Gluten Free Basics

When I was first diagnosed with celiac disease, it was overwhelming to know what to eat (and what not to eat).  This list is not intended to be an exhaustive list of all ingredients that are gluten free, but it is meant to be a basic guideline to help you get started on your gluten free journey.


• Wheat in all forms.  Wheat is found in many breads, cakes, cereals, cookies, crackers, etc.  Read all labels.  The nice thing now is packaging is getting better and most labels will have a section that says “Contains” and it will list “Wheat” after it.  Look for this!

• Barley is one of the three primary gluten based grains.  In almost all cases, food made with barley will contain the gluten protein.

• Malt is usually made from barley and is not gluten free.

• Spelt also known as dinkel wheat or hulled wheat.  It is a species of wheat cultivated.

• Rye, which is a member of the wheat tribe.  It is usually found in bread products.  It can also be found in some whiskeys and vodkas, so make sure you read labels of alcohol too!

•Foods that are fried in the same oil as breaded products, as there is cross contamination.  If you are not full out celiac, you might be able to handle this, but I cannot.

• Soy sauce.  This was a tricky one for me to get used to, but it contains wheat.  Good news is they make gluten free soy sauce or “tamari” now!


•Pickles might have gluten in them if they are processed with malt vinegar.  Make sure and read all labels!

•Gravy might have gluten it in.  Often times people make gravy with flour and some of the instant packets also have flour in them.

•Hot dogs.  They again might have gluten in them.

•”Wheat free” products.  Make sure you are reading ALL ingredients, since sometimes because an item is wheat free does not mean it is gluten free.  This can be a little hard to get used to, but remember to read for barley, spelt, and rye along with wheat.

•Sauces and salad dressing.  Read labels or if eating out, make sure and ask your server!


•Fruits and veggies.  These are naturally gluten free and always an easy go to!  I often keep an apple with me.

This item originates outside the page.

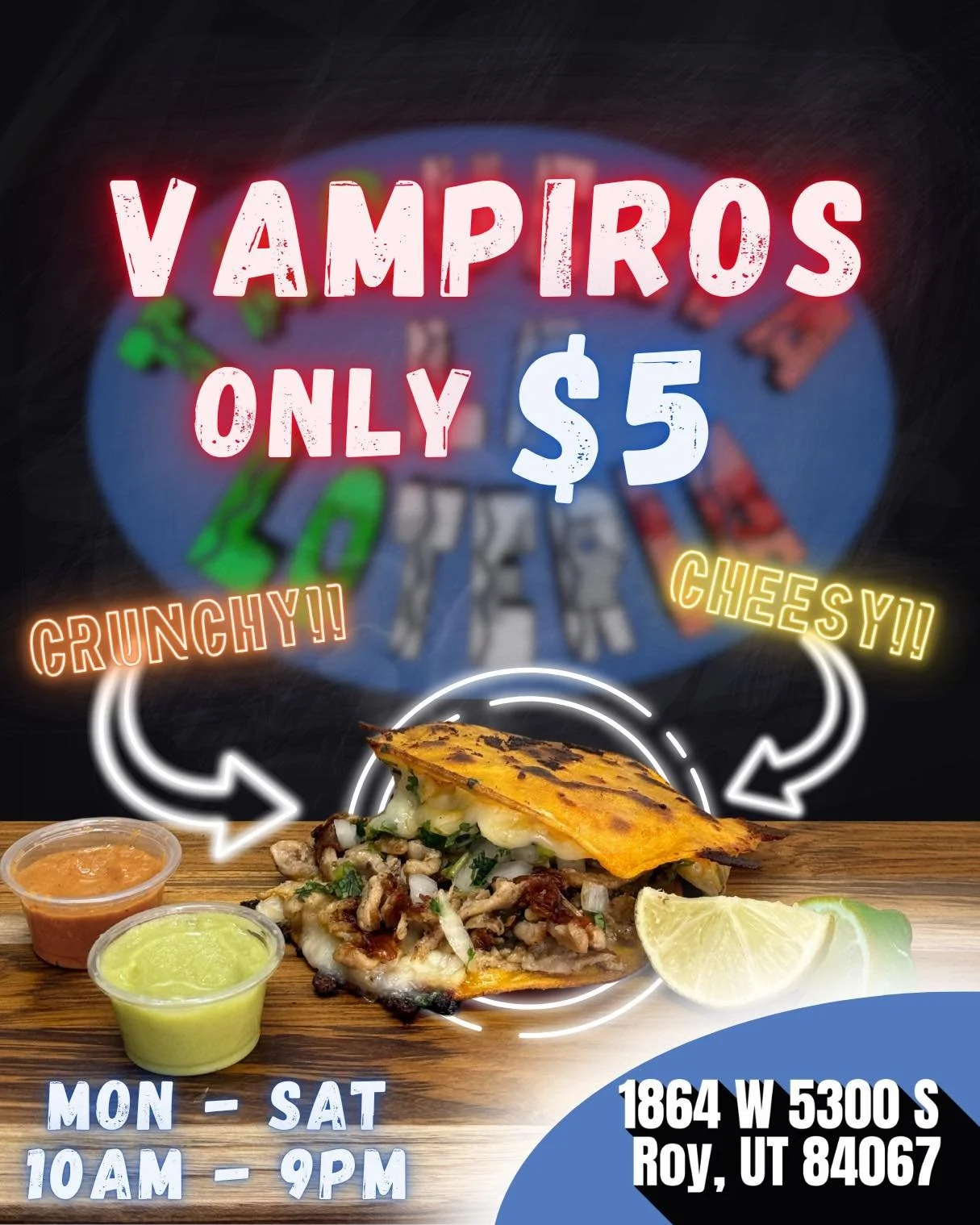 Taco bout food that fills you up and kisses your taste buds 😁

You can put any meat out of the 10 meat options we&rsquo;ve got available!

(801) 928-3623 call ahead!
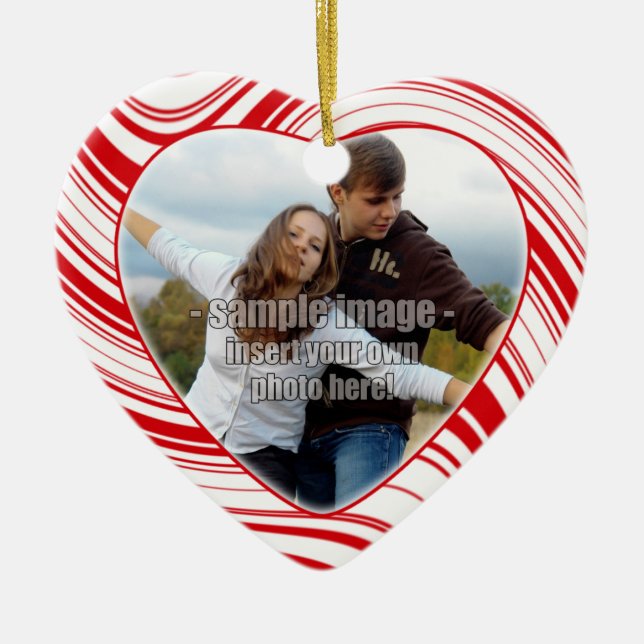 Red & White Rand Anpassningsbar Couples Ornament (Framsidan)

•Nuts.  Just make sure and read containers to see if they are processed in a facility that also processes wheat.  Most labels will now tell you this.

•Meats.  I personally eat tons of meats, fruits and veggies for my diet.  Make sure and read packaging if you buy any meat that is marinated to make sure it does not contain wheat.

•Certified gluten free products.  Look for this on the packaging and you will know you are safe!